Wer Hospizarbeit machen möchte, besucht einen sogenannten Befähigungskurs, der das Thema Tod und Sterbebegleitung aus vielen Perspektiven heraus beleuchtet. Während der Konfrontation mit dieser Thematik über ca. 1 Jahr erhält der Interessierte genügend Raum zur Selbstreflexion, ob dieser Dienst eine Perspektive sein kann. Heute, nach ca. 4 Jahren Praxiserfahrung, ist Hospizarbeit für mich eine tief empfundene, sehr sinngebende und vertrauensvolle Aufgabe. Als ich selber ausgebildet wurde, hatte ich oft Bedenken, ob ich eine derart intensive, mit schrecklichen Klischees besetzte Situation überhaupt aushalte. Ertrage ich es zu sehen, dass ein Mensch körperlich abbaut, zerfällt, stirbt. In der Praxis durfte ich erleben, dass Hinschauen und Aushalten angesichts der Wichtigkeit des Prozesses und des allgegenwärtigen Respekts vor der Natur des Betroffenen fast schon selbstverständlich sind. Der von außen in eine Familienstruktur gerufene Begleiter schafft Raum für Nähe und einen Abschied in Würde und Respekt, er verbindet Menschen, lässt Emotionalität zu und fängt auf, was zu eskalieren droht. Sterbebegleitung ist eine Haltung geprägt von der Verantwortung für den Sterbenden und seine Angehörigen.

Haltung bei der Hospizarbeit

Der Sterbebegleiter ist kein Oberlehrer, keiner, der Antworten auf alle Fragen hat, keiner, der sich aufdrängt. Erst einmal wendet sich der Hilfe suchende Sterbende oder Angehörige an die örtliche Hospizeinrichtung – stationär oder ambulant. Es findet ein Erstgespräch statt, das quasi die Ist-Aufnahme der aktuellen Lebenssituation des/der Betroffenen darstellt.
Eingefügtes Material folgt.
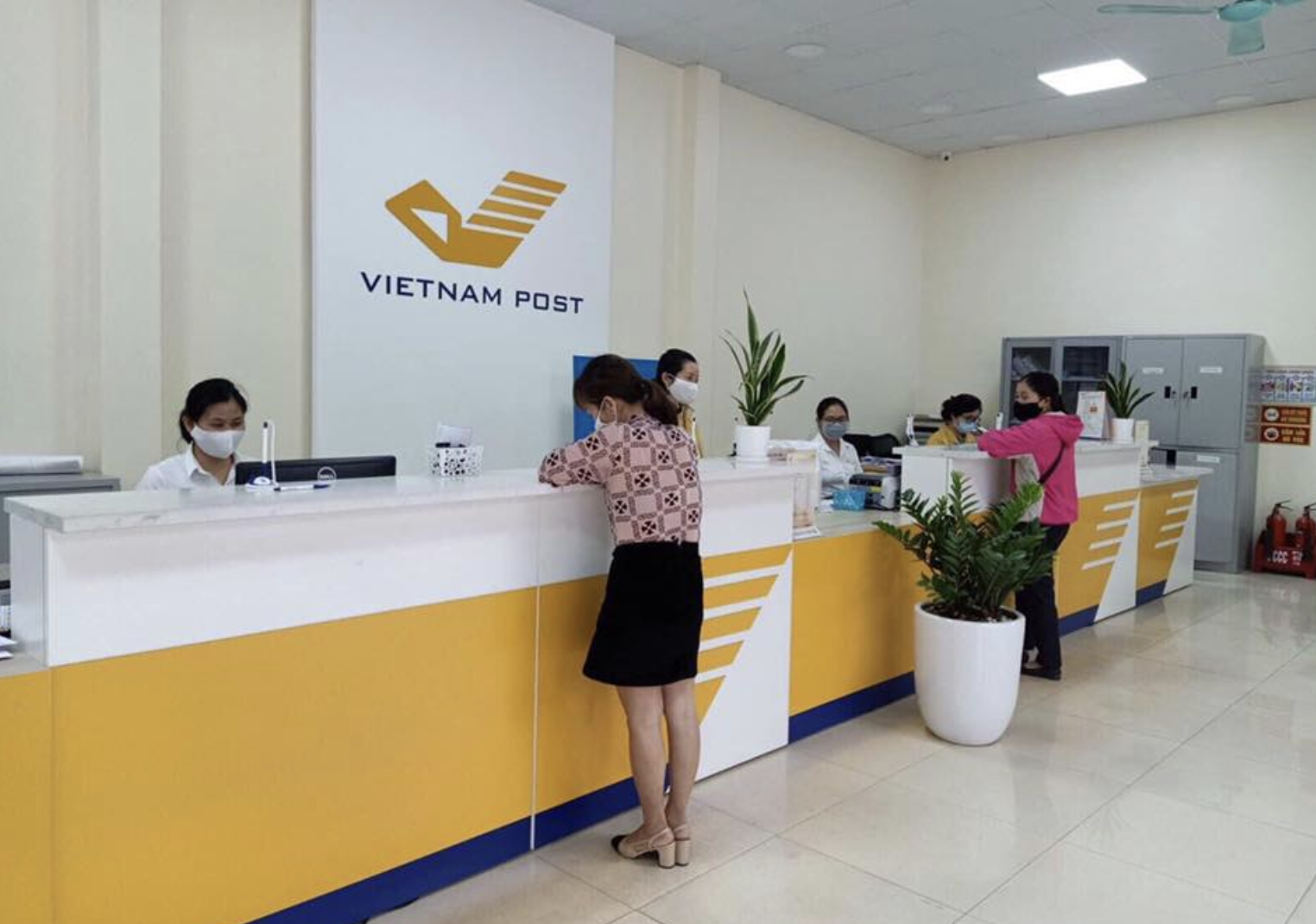 Khách hàng sử dụng dịch vụ của bưu điện huyện Bình Chánh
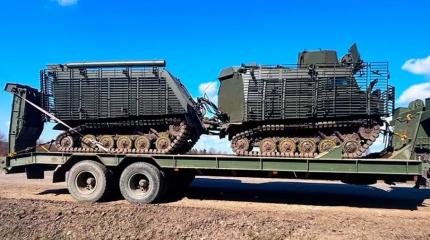 Сингапурские двухзвенные бронемашины Warthog замечены в составе ВСУ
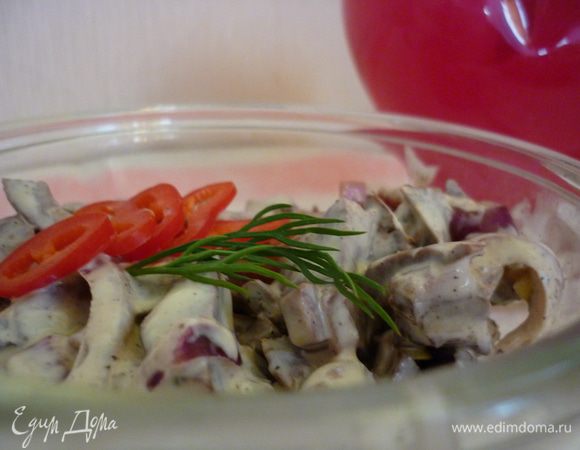 Заправляем майонезом, перчим, пробуем на соль. В этот раз я добавила немного острого перца. Получилось ВААЩЕ супер.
Erwartungen und Möglichkeiten der Betreuung werden dabei ausgetauscht und intensiv diskutiert. Danach finden sich Betreuer und Hilfesuchende(r) über die Vermittlung durch den zuständigen Koordinator der Hospizeinrichtung. Nach einer meist sehr kurzen Kennenlernphase ist man schon mittendrin in den Geschichten einer Familie, wichtigen Lebensereignissen, schönen und traurigen Momenten, belastenden Schicksalsschlägen. Wenn es noch geht, verbringt man aber auch Zeit in der Natur bei Gesprächen, man philosophiert, liest vor, singt zusammen, redet über Leidenschaften, was man alles gerne gemacht hat, was man noch erleben und erledigen möchte. Der Begleiter ist Gefährte, hört zu, ist da, guckt hin, hält fest, berührt, ist nah, ist Mitmensch. Der Sterbende oder Angehörige führt dabei in der Regel die Regie.
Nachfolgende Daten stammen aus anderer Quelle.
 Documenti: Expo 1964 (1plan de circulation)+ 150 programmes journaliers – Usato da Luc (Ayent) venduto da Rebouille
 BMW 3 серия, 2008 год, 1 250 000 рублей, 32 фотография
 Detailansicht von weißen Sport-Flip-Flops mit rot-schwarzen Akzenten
Neben der seelsorgerischen Betreuung spielen aber auch ganz pragmatische Dinge eine Rolle. Sicherung der pflegerischen und palliativen Versorgung durch ständige Beobachtung des Prozessstatus, Verständigung der Ärzte bei akuter Verschlechterung und nach Eintritt des Todes. Beratung der Angehörigen bezüglich anstehender Behördengänge oder auch bezüglich Fragen der Bestattung. Dies geschieht nicht hektisch, sondern immer intuitiv, in Ruhe und Sicherheit, was auch zur Haltung des Begleiters gehören muss.
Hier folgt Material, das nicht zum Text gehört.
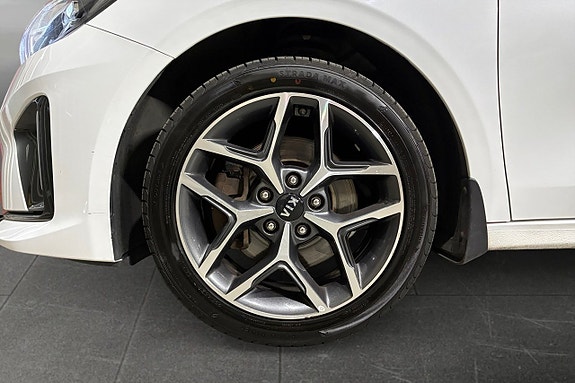 Kia Ceed 16 of 17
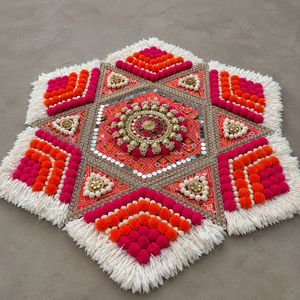 Tapis Rangoli en pompons faits main en forme d'étoile, rose, orange, blanc, avec décorations miroir perlées, pour Diwali, mariage, Puja, sol - Product Image 4
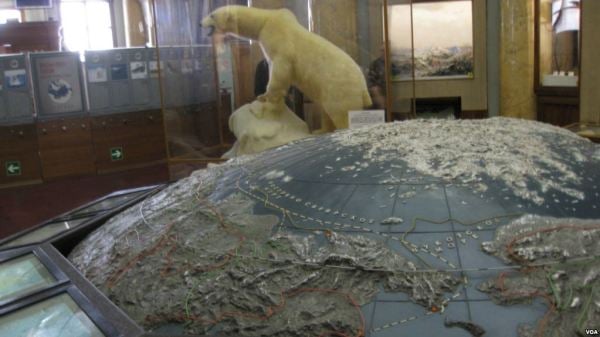 俄罗斯北极博物馆中的模型显示了从亚洲白令海峡和楚克奇海出发的北极航道。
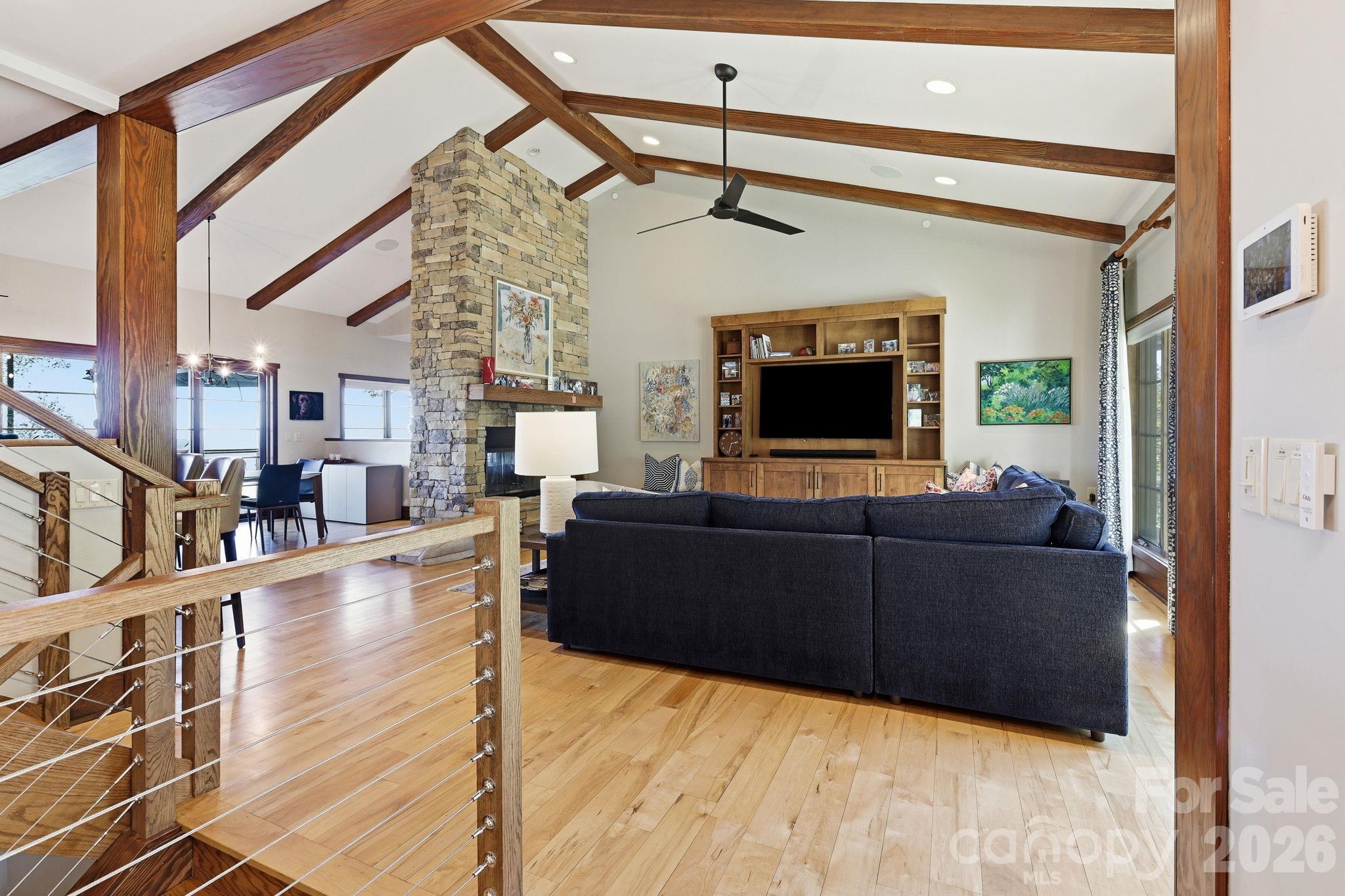 10 Rock Cliff Way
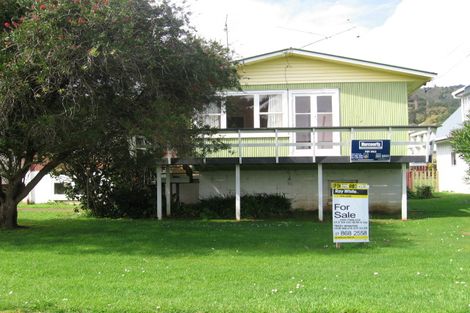 Photo of property in 32 Seaview Avenue, Te Puru, Thames, 3575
Mein persönliches Fazit zur Hospizarbeit

Heute weiß ich, dass ich der richtige Mensch für diese Aufgabe bin. Ich erhalte ein Vielfaches von dem zurück, was ich einsetze. Klingt vielleicht merkwürdig, aber Hospizarbeit bedeutet für mich persönliches Glück. Nicht, dass mir das Schicksal meiner mir anvertrauten "Fälle" nicht nahe geht, im Gegenteil, aber zur Begleitung gehört auch, mit der eigenen Emotionalität umgehen zu können. Die eigene Verarbeitung erfolgt woanders mit mir selbst oder in Form von Supervision. Hospizarbeit bereichert mein Leben und relativiert Alltagsprobleme, sei es in der Familie oder bei der Arbeit. Es eröffnet neue Horizonte und Perspektiven, macht sensibel für bewusstes und intensives Leben und die Sorgen und Nöte der Mitmenschen, egal, ob in direkter Nähe oder weit entfernt. Hospizarbeit trainiert unser Mitfühlen. Sicher nichts für jeden, aber wer das Bedürfnis spürt, sich mit Hospizarbeit zu befassen, sollte diesem Ruf folgen.